# Requirement
Go to the line containing "funny pics and" below; retype it and all following lines exactly, and leave out the pictures.

# Data extract

---

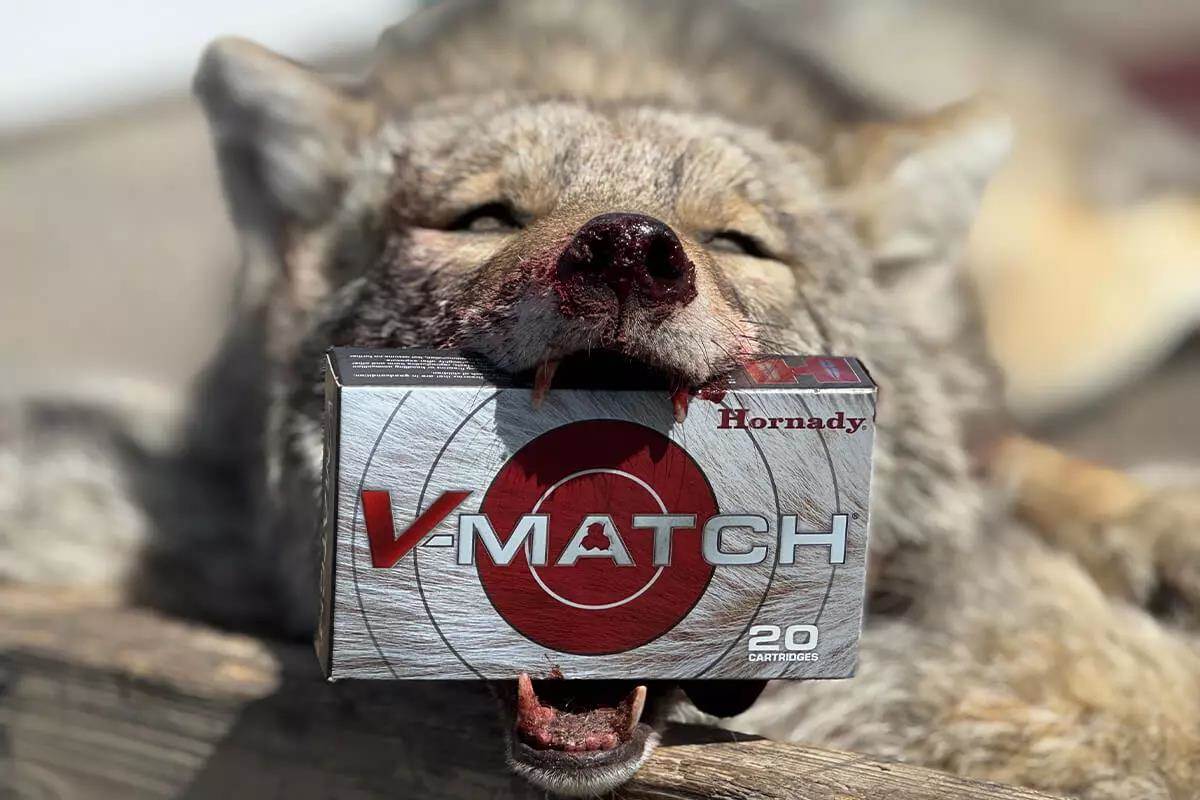 Hornady V-Match Ammo: Unrivaled Coyote Hunting Performance and More - Petersen's Hunting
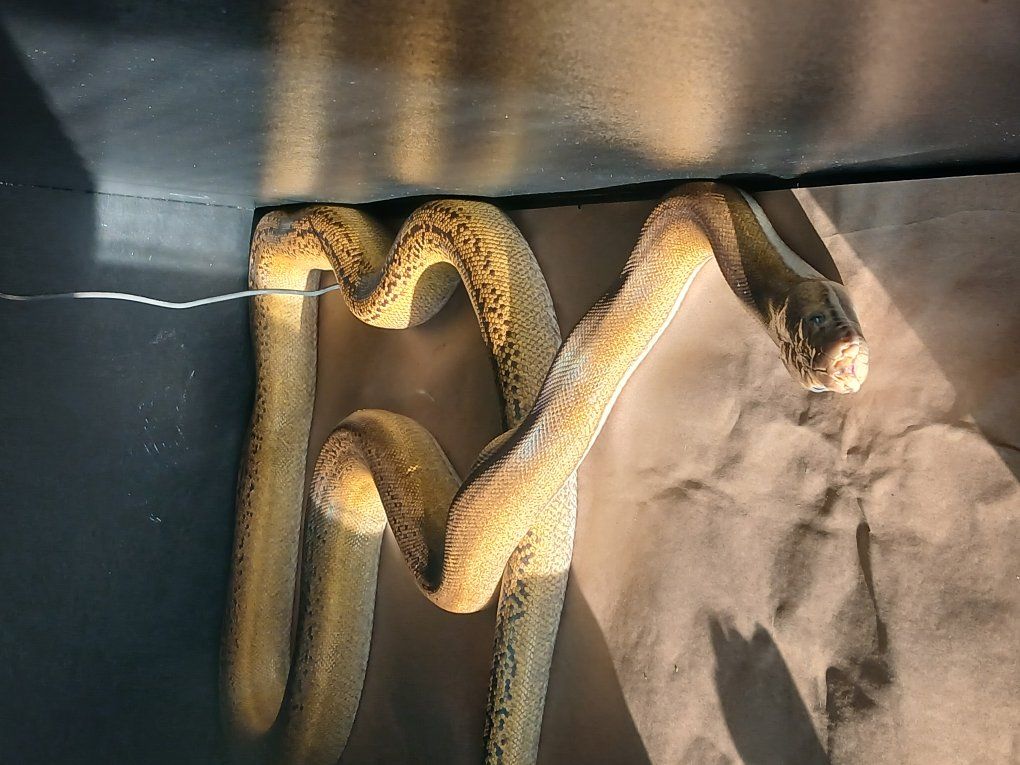 male platinum goldenchild tiger reticulated python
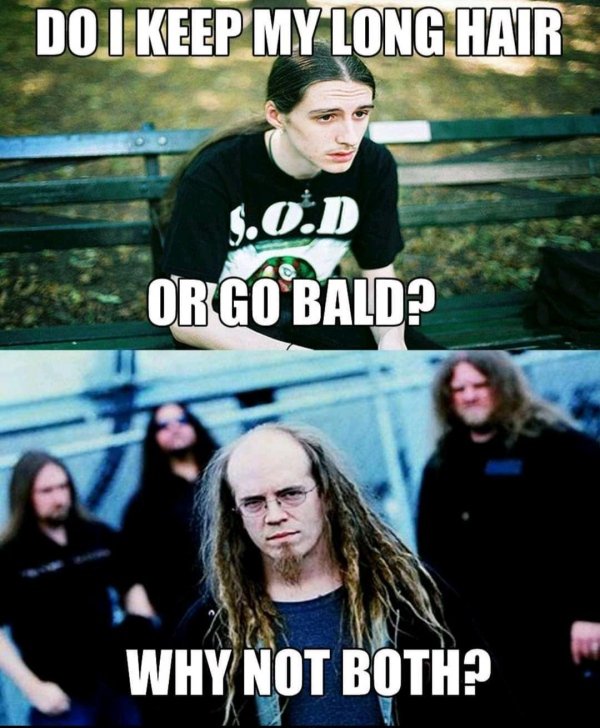 funny pics and memes - Do I Keep My Long Hair Or Go Bald? Why Not Both?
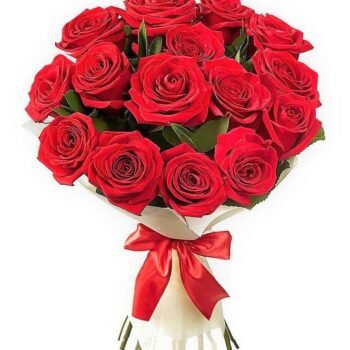 Lovely red rose special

---

# Result of the task
 funny pics and memes - Do I Keep My Long Hair Or Go Bald? Why Not Both?
 Lovely red rose special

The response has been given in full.